··· Input

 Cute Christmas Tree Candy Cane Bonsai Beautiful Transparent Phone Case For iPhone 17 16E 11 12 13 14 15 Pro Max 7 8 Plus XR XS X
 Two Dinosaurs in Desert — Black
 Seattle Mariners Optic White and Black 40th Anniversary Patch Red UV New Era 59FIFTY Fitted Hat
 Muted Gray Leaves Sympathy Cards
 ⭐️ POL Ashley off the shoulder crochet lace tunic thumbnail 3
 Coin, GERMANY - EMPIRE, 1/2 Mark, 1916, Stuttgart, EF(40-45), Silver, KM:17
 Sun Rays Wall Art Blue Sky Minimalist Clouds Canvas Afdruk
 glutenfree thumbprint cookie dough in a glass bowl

······
··· Input

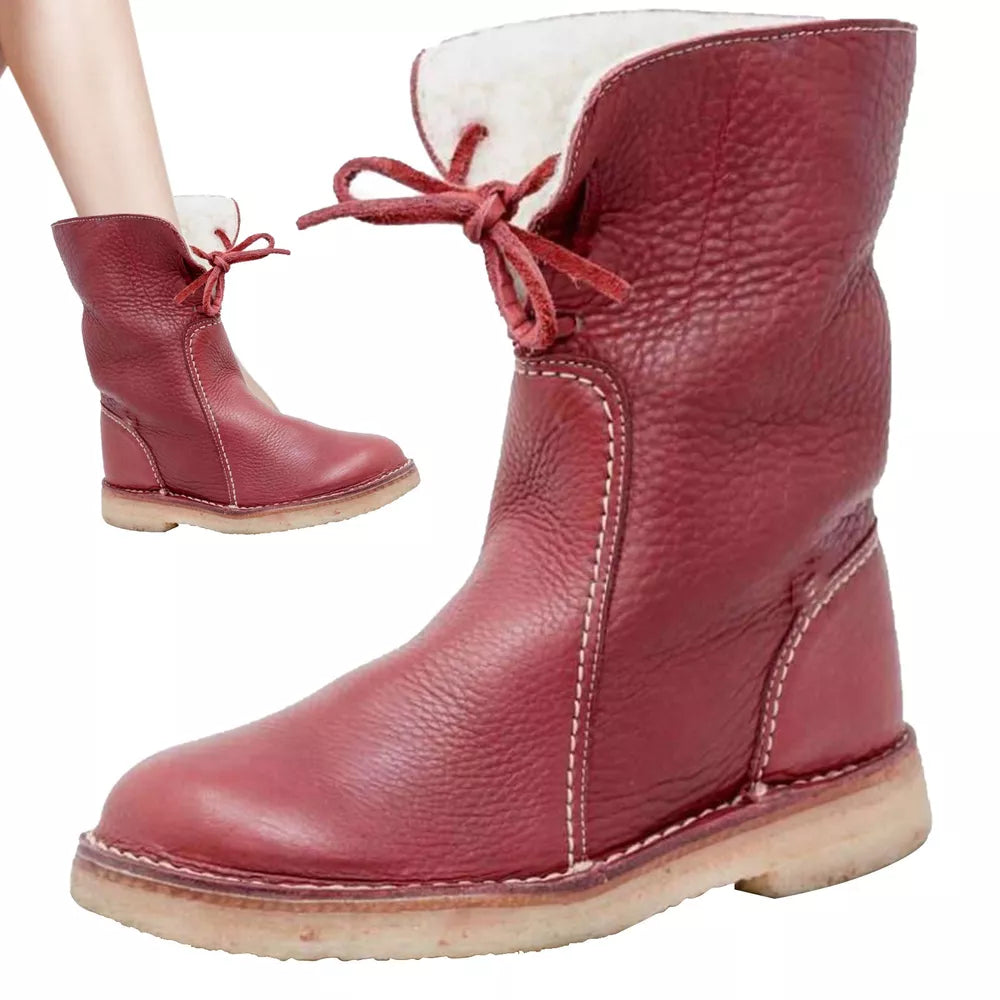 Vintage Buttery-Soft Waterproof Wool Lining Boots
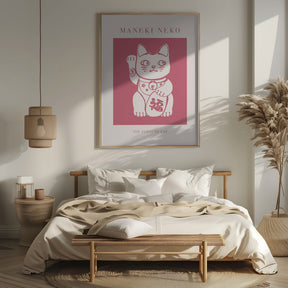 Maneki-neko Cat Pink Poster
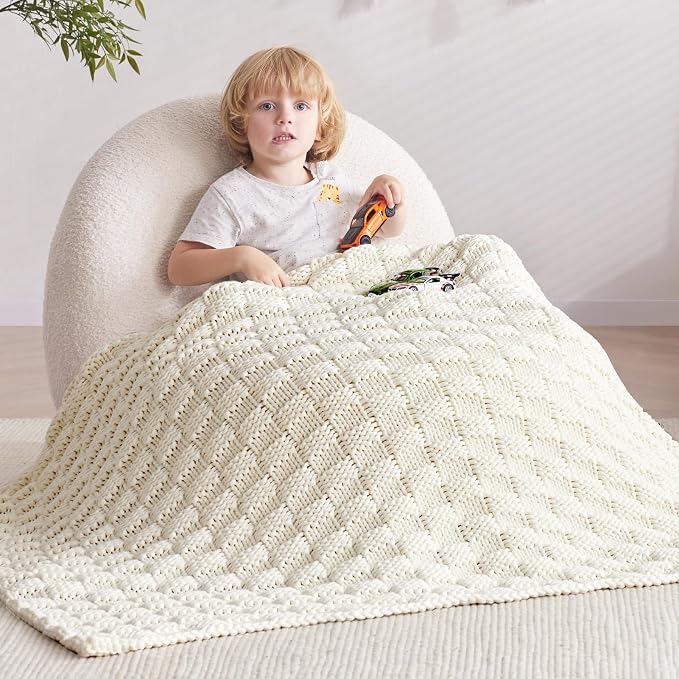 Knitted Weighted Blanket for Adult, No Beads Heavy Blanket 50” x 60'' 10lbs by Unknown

······

_Work order_
I'd like the lines above repeated exactly, from the one that contains "Maneki-neko Cat Pink Poster" through the one that contains "Knitted Weighted Blanket", with no pictures.

_Finished task_
 Maneki-neko Cat Pink Poster
 Knitted Weighted Blanket for Adult, No Beads Heavy Blanket 50” x 60'' 10lbs by Unknown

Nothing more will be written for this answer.